**WHAT YOU SHOULD DO**
Repeat exactly the stretch of lines that starts with the one containing "ロングスリーブシャツ 化繊 z" and ends with the last line of the material. Leave out pictures.

**SUPPLIED DATA**
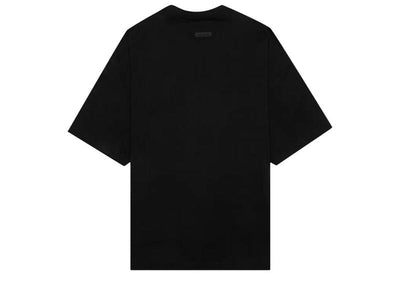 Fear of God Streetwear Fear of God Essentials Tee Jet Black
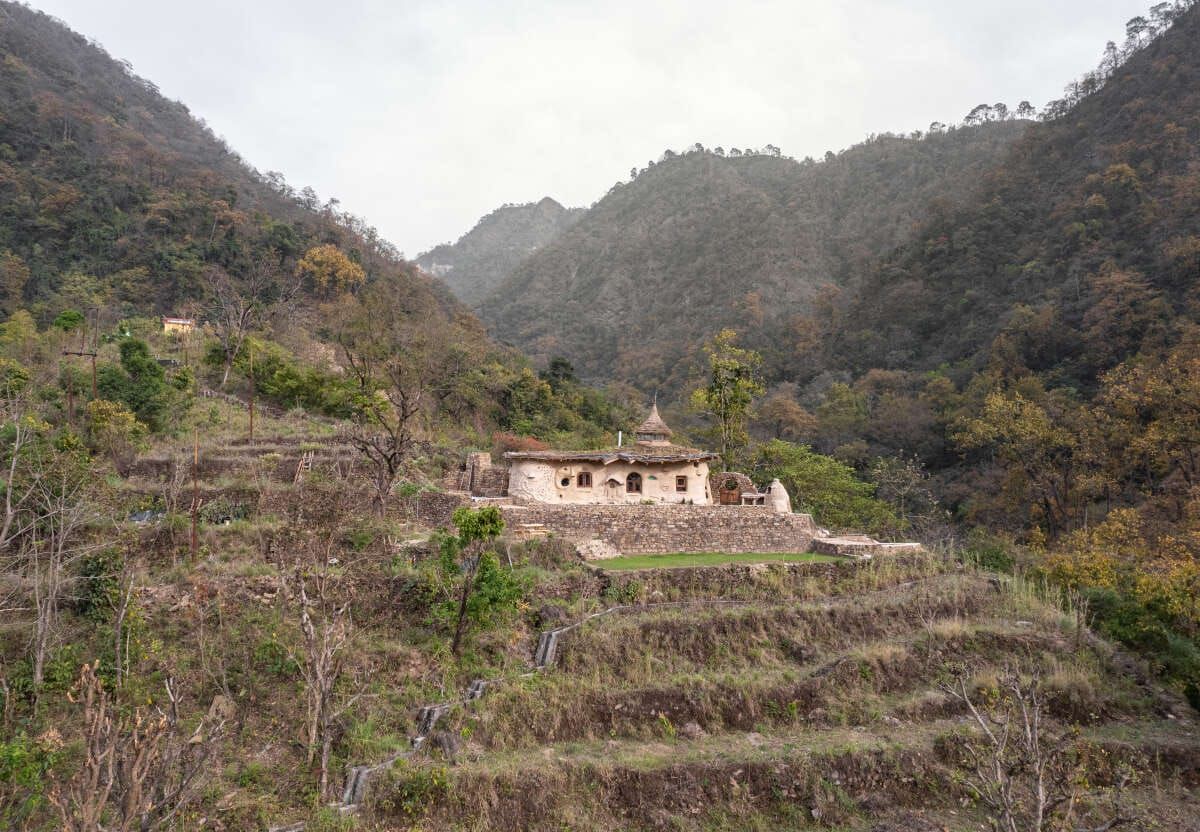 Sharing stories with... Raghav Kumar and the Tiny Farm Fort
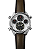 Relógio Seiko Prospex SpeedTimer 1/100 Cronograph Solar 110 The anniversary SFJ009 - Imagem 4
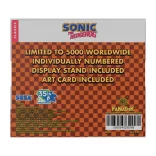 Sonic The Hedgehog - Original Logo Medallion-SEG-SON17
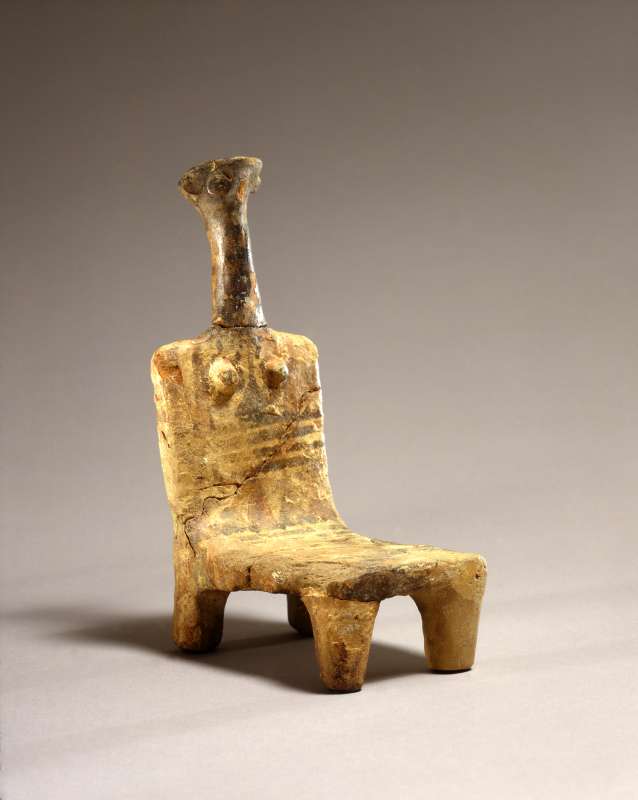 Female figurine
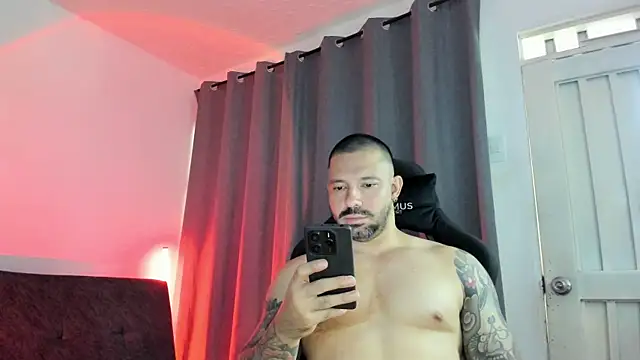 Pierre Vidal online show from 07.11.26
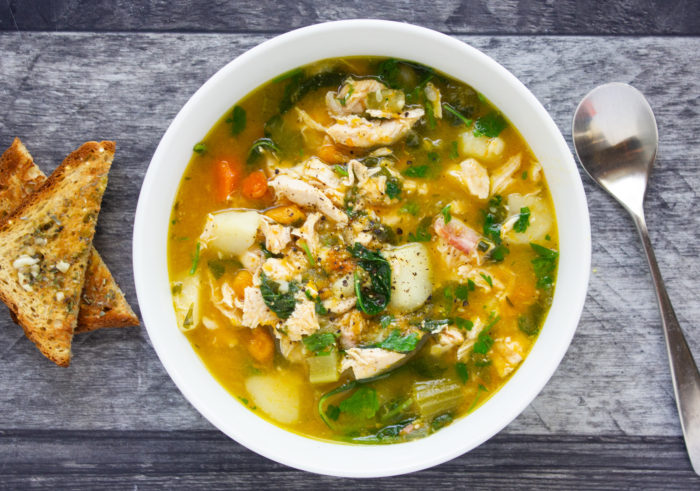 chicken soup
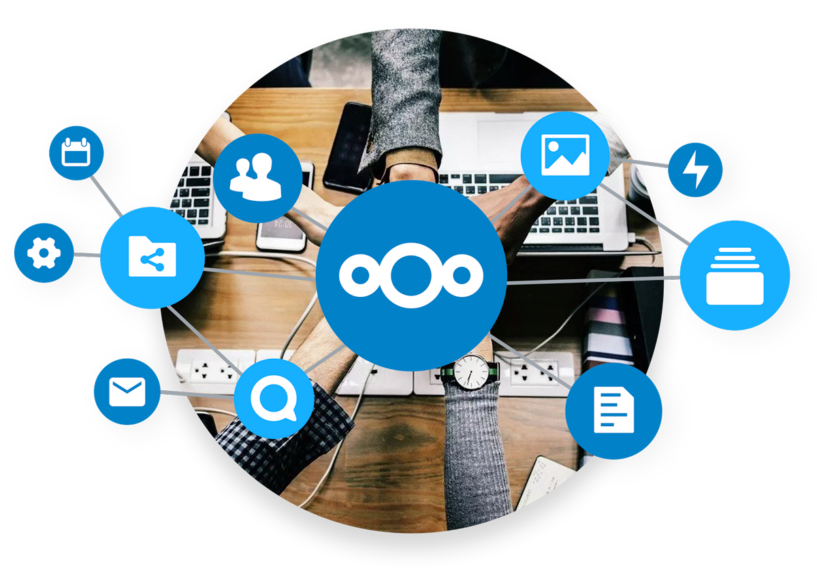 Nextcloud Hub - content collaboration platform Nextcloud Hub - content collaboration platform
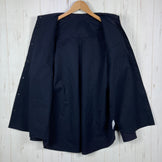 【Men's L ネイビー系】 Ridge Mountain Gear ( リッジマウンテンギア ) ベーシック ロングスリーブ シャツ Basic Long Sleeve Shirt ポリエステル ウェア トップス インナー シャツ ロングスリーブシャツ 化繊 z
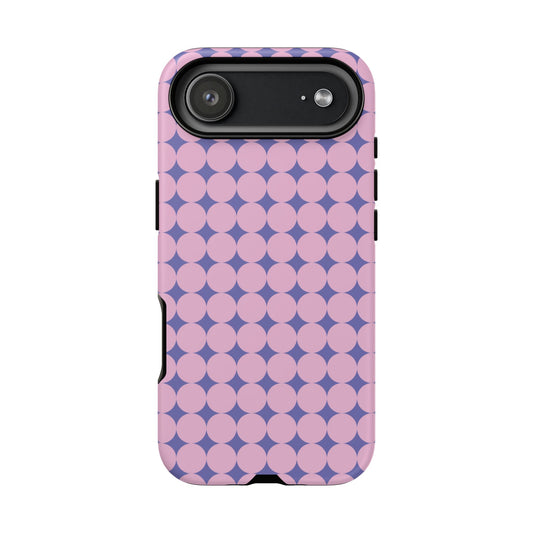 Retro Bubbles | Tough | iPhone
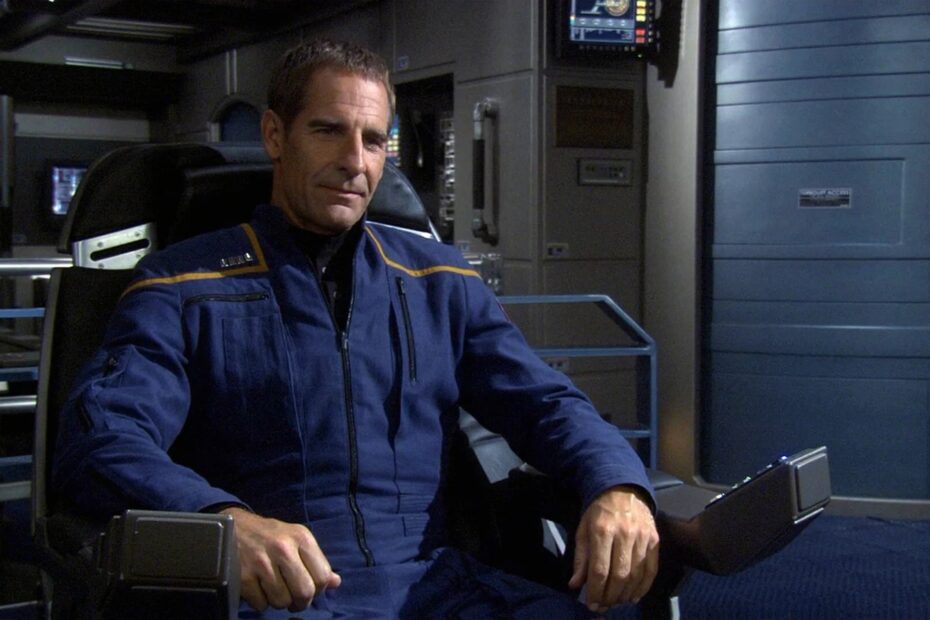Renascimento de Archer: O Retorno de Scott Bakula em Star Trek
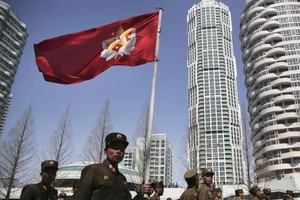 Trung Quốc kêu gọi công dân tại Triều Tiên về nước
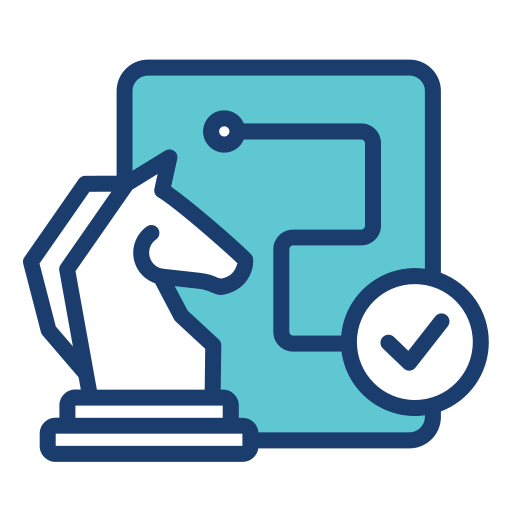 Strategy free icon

**RESULT OF THIS EXERCISE**
 【Men's L ネイビー系】 Ridge Mountain Gear ( リッジマウンテンギア ) ベーシック ロングスリーブ シャツ Basic Long Sleeve Shirt ポリエステル ウェア トップス インナー シャツ ロングスリーブシャツ 化繊 z
 Retro Bubbles | Tough | iPhone
Renascimento de Archer: O Retorno de Scott Bakula em Star Trek
 Trung Quốc kêu gọi công dân tại Triều Tiên về nước
 Strategy free icon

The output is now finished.